[DATASET EXCERPT]

......

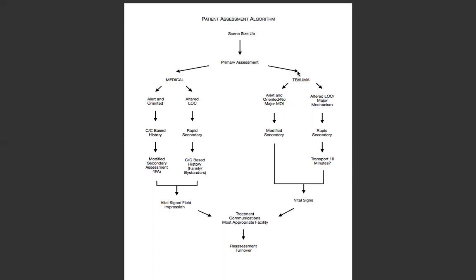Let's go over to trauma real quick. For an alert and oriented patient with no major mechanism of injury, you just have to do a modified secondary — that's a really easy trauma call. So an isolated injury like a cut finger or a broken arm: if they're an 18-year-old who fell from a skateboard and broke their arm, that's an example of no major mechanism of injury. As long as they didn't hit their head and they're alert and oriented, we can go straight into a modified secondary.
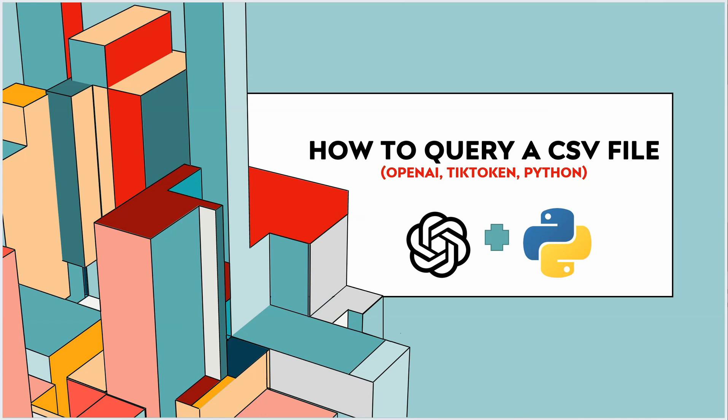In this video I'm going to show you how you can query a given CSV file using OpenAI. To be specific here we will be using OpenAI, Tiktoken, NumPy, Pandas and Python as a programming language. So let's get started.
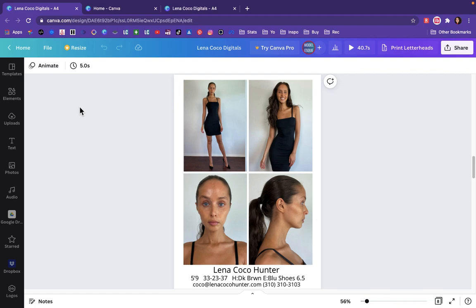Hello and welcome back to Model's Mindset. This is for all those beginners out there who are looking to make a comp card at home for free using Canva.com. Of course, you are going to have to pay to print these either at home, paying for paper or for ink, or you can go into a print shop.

......

[HOW TO COMPLETE THIS TASK] All of the data is to be transcribed exactly, with images omitted.

[OUTPUT FOR THIS EXERCISE]
Let's go over to trauma real quick. For an alert and oriented patient with no major mechanism of injury, you just have to do a modified secondary — that's a really easy trauma call. So an isolated injury like a cut finger or a broken arm: if they're an 18-year-old who fell from a skateboard and broke their arm, that's an example of no major mechanism of injury. As long as they didn't hit their head and they're alert and oriented, we can go straight into a modified secondary.
In this video I'm going to show you how you can query a given CSV file using OpenAI. To be specific here we will be using OpenAI, Tiktoken, NumPy, Pandas and Python as a programming language. So let's get started.
Hello and welcome back to Model's Mindset. This is for all those beginners out there who are looking to make a comp card at home for free using Canva.com. Of course, you are going to have to pay to print these either at home, paying for paper or for ink, or you can go into a print shop.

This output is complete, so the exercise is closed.